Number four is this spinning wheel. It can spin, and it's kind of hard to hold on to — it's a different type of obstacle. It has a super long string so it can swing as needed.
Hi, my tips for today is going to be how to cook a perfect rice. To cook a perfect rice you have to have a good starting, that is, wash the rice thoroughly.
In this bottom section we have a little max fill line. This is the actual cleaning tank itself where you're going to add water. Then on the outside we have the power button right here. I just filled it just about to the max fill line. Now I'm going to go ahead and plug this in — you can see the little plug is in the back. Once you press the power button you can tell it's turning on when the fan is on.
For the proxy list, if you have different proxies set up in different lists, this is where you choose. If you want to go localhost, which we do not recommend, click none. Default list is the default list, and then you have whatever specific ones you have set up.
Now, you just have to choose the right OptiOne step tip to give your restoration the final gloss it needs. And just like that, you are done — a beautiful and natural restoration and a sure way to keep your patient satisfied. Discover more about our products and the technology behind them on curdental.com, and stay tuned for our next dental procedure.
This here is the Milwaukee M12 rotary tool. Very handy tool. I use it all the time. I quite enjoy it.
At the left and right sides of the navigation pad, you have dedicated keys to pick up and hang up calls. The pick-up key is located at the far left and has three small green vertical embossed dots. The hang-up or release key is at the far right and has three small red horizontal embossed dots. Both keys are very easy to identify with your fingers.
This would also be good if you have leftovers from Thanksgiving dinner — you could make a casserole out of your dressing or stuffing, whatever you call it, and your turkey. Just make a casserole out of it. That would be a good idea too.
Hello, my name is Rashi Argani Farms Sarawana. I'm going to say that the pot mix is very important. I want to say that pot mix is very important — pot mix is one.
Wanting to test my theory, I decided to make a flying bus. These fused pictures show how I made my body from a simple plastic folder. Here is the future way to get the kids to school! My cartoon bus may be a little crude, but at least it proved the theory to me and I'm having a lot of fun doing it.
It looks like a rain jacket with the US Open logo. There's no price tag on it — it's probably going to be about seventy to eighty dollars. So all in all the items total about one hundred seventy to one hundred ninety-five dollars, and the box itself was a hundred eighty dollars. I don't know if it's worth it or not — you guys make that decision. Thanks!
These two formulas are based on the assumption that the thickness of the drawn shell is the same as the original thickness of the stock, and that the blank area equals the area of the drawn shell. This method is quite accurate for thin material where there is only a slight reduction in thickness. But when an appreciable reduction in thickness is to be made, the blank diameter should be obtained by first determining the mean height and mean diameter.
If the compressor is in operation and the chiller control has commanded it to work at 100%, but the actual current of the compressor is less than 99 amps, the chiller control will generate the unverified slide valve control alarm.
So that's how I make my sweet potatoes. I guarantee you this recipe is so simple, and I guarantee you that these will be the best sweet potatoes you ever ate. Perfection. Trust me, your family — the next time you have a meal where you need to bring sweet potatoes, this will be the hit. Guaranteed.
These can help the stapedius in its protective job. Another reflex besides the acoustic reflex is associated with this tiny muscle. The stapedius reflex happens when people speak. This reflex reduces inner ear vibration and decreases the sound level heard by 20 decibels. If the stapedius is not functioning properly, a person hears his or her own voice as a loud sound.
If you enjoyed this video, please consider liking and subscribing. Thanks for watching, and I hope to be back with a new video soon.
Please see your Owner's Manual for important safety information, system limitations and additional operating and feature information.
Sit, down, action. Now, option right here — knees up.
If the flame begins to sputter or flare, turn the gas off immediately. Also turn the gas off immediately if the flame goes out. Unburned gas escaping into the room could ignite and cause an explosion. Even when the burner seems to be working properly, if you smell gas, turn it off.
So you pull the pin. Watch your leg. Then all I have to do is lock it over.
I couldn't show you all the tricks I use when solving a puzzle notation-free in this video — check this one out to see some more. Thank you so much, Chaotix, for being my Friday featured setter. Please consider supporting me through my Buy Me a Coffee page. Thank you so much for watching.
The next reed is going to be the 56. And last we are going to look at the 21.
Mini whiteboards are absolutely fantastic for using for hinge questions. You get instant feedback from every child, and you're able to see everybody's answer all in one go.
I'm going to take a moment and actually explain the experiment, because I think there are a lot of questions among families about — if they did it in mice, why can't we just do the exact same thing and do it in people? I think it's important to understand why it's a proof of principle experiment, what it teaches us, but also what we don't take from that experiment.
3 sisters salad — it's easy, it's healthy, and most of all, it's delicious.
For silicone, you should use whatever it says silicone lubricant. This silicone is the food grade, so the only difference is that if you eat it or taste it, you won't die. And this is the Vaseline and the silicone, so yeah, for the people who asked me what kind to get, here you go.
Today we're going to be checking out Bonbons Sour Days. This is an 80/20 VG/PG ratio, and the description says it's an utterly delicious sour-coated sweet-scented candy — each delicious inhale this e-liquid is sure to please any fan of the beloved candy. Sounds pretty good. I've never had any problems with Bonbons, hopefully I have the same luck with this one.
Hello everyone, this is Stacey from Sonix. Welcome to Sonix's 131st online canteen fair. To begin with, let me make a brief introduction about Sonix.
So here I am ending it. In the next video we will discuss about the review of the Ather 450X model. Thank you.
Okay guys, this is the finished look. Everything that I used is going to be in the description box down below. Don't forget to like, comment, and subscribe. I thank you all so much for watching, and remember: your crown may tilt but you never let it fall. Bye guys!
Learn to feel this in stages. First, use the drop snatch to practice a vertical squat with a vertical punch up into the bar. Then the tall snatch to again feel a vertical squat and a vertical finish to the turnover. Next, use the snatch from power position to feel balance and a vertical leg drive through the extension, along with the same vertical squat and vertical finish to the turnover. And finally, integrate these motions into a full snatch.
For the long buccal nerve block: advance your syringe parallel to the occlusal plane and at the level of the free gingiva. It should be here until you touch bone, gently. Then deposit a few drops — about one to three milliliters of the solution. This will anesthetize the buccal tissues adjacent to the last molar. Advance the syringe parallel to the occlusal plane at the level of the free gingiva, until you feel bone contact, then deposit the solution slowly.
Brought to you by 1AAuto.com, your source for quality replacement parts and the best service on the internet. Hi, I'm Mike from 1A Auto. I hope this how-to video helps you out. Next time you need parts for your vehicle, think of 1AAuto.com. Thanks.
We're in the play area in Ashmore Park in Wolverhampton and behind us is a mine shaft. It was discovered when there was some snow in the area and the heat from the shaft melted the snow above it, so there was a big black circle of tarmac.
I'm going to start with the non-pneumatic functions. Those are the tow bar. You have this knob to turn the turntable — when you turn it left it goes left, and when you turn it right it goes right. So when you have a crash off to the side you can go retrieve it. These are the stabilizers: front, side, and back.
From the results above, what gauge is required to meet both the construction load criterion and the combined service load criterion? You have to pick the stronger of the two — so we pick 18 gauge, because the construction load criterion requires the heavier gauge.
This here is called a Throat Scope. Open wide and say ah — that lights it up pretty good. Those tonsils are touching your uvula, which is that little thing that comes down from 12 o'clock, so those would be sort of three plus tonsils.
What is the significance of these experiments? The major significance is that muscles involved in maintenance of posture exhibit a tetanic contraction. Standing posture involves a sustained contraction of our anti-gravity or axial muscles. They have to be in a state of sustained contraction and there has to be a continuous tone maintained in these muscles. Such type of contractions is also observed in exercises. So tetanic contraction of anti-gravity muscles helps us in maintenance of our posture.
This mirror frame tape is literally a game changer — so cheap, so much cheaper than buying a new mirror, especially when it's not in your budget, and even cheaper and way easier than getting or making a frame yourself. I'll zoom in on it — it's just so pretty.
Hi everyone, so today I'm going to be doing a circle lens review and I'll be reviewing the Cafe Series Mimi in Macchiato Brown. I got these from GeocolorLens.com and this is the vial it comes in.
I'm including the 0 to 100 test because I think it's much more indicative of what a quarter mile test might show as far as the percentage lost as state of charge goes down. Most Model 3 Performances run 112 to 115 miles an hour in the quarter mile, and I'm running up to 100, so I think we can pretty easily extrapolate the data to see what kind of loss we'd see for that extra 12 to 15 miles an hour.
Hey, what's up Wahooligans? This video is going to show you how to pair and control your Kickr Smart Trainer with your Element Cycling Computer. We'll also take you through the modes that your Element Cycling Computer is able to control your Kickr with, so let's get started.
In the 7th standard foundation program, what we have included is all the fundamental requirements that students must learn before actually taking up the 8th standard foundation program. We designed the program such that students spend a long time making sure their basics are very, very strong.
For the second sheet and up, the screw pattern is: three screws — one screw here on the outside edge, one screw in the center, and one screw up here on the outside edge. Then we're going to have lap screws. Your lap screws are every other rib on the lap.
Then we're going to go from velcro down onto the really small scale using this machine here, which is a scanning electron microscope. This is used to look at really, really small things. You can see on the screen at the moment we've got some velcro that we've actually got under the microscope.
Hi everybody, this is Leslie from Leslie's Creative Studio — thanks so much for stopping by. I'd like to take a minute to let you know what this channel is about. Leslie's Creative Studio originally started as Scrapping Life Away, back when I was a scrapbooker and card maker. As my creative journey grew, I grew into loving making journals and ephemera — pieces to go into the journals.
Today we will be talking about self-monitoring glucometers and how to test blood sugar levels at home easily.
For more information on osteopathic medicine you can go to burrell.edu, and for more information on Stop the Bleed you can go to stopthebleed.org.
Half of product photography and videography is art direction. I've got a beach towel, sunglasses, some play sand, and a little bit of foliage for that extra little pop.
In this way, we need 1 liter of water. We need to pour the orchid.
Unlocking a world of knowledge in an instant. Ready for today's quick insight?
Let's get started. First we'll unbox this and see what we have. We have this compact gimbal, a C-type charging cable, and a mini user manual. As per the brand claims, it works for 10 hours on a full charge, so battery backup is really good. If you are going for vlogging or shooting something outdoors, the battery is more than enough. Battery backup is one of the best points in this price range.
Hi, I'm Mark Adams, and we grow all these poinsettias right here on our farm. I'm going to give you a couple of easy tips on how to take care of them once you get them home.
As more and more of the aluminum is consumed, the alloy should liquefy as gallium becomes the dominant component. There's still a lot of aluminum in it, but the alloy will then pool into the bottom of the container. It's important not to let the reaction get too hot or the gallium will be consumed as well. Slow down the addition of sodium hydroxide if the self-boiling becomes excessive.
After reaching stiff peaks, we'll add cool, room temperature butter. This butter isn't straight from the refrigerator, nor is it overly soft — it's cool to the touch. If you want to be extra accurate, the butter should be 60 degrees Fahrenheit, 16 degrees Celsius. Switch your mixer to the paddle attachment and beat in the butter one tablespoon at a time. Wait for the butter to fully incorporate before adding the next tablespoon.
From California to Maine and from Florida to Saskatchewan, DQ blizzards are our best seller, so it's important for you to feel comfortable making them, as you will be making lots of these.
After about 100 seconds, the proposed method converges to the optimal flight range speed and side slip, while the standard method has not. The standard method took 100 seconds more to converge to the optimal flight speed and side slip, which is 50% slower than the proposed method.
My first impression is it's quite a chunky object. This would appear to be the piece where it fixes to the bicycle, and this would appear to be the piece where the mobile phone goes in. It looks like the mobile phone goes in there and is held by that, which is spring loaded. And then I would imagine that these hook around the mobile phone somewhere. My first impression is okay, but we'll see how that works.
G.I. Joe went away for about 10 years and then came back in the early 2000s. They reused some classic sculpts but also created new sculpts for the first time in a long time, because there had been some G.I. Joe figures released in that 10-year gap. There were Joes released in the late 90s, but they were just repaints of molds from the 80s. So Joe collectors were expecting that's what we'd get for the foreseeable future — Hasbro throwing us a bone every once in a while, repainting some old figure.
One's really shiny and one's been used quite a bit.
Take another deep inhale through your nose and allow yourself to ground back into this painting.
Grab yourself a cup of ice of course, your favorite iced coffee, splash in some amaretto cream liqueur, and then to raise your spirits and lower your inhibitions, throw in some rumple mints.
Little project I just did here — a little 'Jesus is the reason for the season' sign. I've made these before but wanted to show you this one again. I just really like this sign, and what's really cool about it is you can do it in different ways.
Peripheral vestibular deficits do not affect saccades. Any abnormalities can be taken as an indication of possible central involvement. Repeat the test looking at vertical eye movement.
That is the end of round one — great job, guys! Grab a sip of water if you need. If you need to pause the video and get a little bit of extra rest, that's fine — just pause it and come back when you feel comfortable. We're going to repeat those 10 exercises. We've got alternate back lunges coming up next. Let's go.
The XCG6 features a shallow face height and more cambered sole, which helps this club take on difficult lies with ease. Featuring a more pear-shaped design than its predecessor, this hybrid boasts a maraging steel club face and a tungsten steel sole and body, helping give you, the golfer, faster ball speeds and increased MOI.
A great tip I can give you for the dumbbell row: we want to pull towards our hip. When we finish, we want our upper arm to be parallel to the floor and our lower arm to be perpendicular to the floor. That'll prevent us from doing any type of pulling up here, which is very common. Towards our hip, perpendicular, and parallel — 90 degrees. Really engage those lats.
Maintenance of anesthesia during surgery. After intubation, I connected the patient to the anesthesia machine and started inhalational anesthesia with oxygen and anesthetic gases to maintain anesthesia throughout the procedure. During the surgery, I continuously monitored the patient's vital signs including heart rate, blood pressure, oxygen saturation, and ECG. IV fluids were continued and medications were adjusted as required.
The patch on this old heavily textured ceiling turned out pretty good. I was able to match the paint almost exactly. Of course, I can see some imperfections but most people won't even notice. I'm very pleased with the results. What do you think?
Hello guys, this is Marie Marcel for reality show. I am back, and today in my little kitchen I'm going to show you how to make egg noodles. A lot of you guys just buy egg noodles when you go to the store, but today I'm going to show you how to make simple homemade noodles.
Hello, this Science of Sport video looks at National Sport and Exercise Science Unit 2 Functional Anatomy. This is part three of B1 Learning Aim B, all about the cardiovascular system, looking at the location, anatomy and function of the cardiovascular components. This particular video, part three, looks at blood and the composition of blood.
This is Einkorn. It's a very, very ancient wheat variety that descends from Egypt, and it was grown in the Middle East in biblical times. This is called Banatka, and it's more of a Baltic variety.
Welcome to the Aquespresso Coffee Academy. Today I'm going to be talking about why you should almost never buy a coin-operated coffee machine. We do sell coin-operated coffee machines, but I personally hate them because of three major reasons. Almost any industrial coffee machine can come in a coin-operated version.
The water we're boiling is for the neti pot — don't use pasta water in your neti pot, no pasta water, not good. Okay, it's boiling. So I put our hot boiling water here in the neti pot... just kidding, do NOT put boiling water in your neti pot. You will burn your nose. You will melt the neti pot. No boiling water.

■ WORK REQUIRED: Take the entries above and copy them exactly from the first line through the line with "Hi, my tips"; leave out every line after it.

■ WRITTEN RESPONSE:
Number four is this spinning wheel. It can spin, and it's kind of hard to hold on to — it's a different type of obstacle. It has a super long string so it can swing as needed.
Hi, my tips for today is going to be how to cook a perfect rice. To cook a perfect rice you have to have a good starting, that is, wash the rice thoroughly.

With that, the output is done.